Day Five: Divine Wine

With the city swamped for the Pride parade on Sunday, two cousins and I escape to wine country north of the city. This is the heart of American viticulture, and a necessary journey for a wine lover. We take our time in starting out, and then head north through Napa, laughing at the traffic jams coming into the city as we cruise out. There’s no shortage of opulence along Napa Valley, as the wineries have all built their little villas and luxurious estates amid the grapevines, and display questionable command of Italian as they adopt or make up names to convey their prestige. Some are familiar names, while others look to break in, and all look to ride the cachet of the Napa name to greater recognition. Seeking some more exquisite experiences, we drive on past most of them.

The first stop is also the most absurd: Castello di Amorosa, a legitimate castle perched just above the north end of Napa Valley. The stonework is astonishing, and in among the turrets and battlements are a chapel, a great hall, a drawbridge, and some elaborate loggias. (A few extra dollars admit one to the torture chamber, among other special rooms.) The wine and service here are not especially remarkable, and it brings in crowds in a way that our later destinations don’t, but it’s still a winy wonderland. We’ve created a complete spectacle.

2016-06-26 12.03.26.jpg

Our next stop is the polar opposite experience. Locals, a wine cooperative in the miniature downtown of Geyserville, has no pretentions of an elaborate setting. It just delivers far better wine for no tasting fee, and reliably lures its visitors to purchase their favorites. Here, it’s easy to savor the different options and make informed comparisons, and make some effort to expand a mediocre vocabulary to describe the flavors we imbibe.

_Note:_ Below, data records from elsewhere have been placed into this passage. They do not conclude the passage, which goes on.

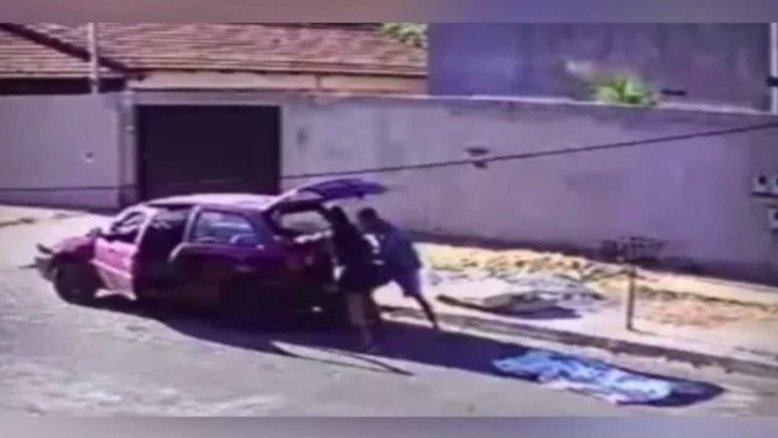 Reprodução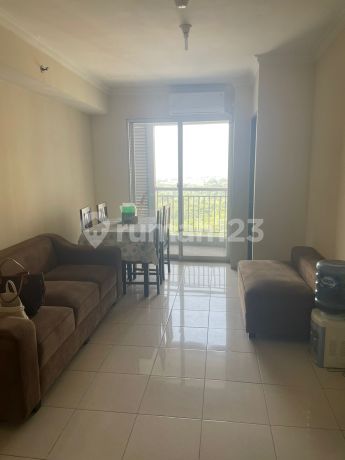 Dijual Cepat Apartemen Great Western Tangerang 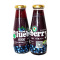 自然道蓝莓果汁310ml*8 整箱装 蓝莓果汁 饮品 年货 果汁 饮料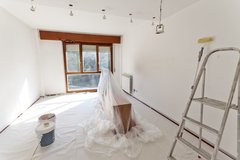 PINTURA EN PARED POR MT2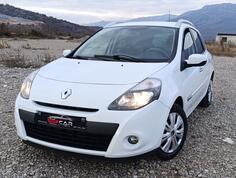 Renault - Clio - 1.5dci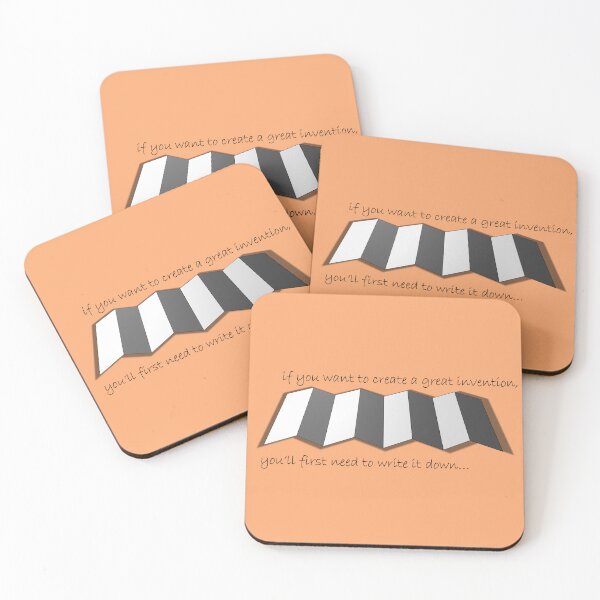 Item preview, Write It Down designed and sold by Elinda96.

After a lunch stop in Healdsburg, we head into Sonoma, where we make two stops: first at Mazzocco, which specializes in Zinfandels, and then at Ridge, one of Sonoma’s gems. It’s a baking hot day in wine country, with temperatures in excess of 95 degrees, but we can linger inside while sipping at our glasses and still enjoy views of the vineyards marching out beyond us. I can’t resist a purchase from Ridge, though a looming trip through Canadian customs keeps me from going too crazy with the credit card.

2016-06-26 16.25.41

Now that we’ve had our fill of wine, we head back to Healdsburg, where a well-manicured central square makes the area appear even ritzier. We stop by its brewery, Bear Republic, best known for its Racer 5 IPA, though I elect for a delectable sour instead. As if we haven’t sampled enough satisfying beverages, we then head down the 101 to Santa Rosa, where we visit one of my cousin’s favorite breweries, Russian River. Their variety is so great and their ability to deliver on all of them so impressive that it would be a waste just to get a couple of beers, so we share a complete sampler with 18 different beers, from standard lagers to classic West Coast IPAs to Belgians to sours. With the help of some pizza, I’m feeling decidedly fat by the end of the tasting, but I manage to finish it all off.

The sun sinks toward the horizon as we head back south through Marin County. It’s down below the horizon by the time we reach the Golden Gate, but there’s still enough of a glow to make a detour up the coastal road worthwhile. I’m treated to panoramas over the Golden Gate Bridge, the city, and the ocean beyond. The wind howls and the fog begins to roll in; it’s a solid 40 degrees colder here than it was back up in Sonoma. Still, it’s worth taking a moment to drink it all in, one last sip at the vessel of Bay Area beauty before a final drive over San Francisco’s hills down into Hayes Valley. It’s been a rich weekend that has sapped my wallet in more ways than one, and I’m sure to return before long. For now, though, it’s time to hit the road again.